▶ [Records for processing]:
*****

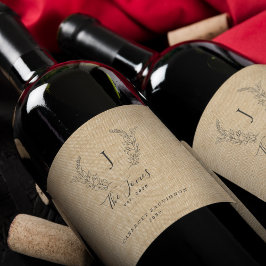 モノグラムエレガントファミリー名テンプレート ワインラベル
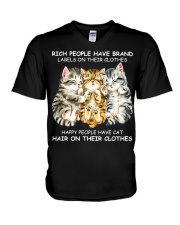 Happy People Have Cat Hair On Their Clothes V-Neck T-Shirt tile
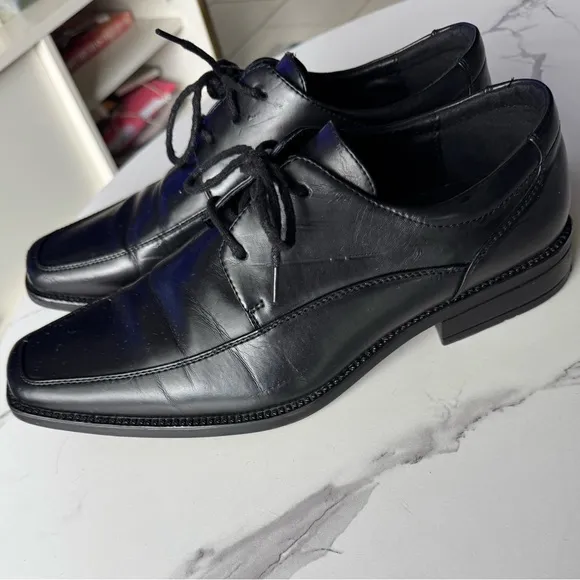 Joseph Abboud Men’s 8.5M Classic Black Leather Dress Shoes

*****

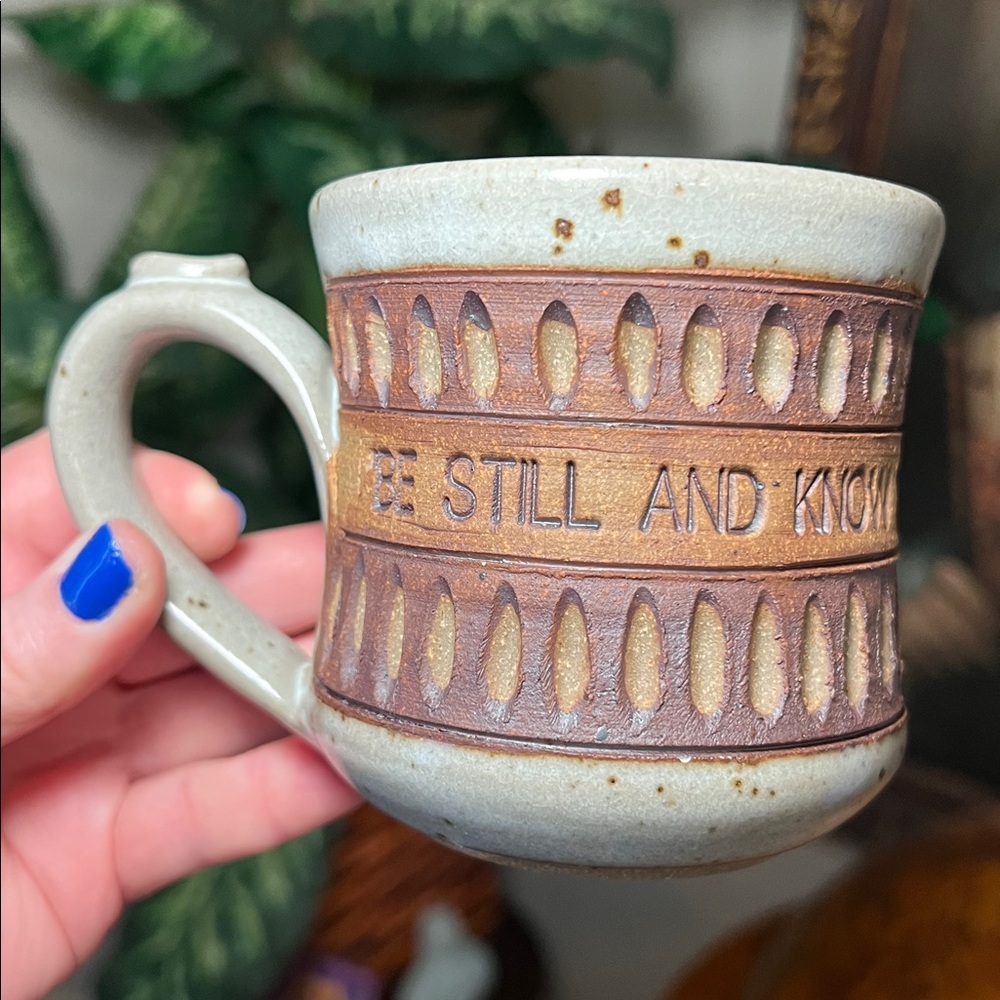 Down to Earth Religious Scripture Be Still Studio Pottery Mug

*****

▶ [To do]:
A word-for-word reproduction is needed of the lines above from the line containing "モノグラムエレガントファミリー名テンプレート ワインラベル" through the line containing "Joseph Abboud Men’s", with both ends kept and no pictures.

▶ [Solution to this task]:
 モノグラムエレガントファミリー名テンプレート ワインラベル
 Happy People Have Cat Hair On Their Clothes V-Neck T-Shirt tile
 Joseph Abboud Men’s 8.5M Classic Black Leather Dress Shoes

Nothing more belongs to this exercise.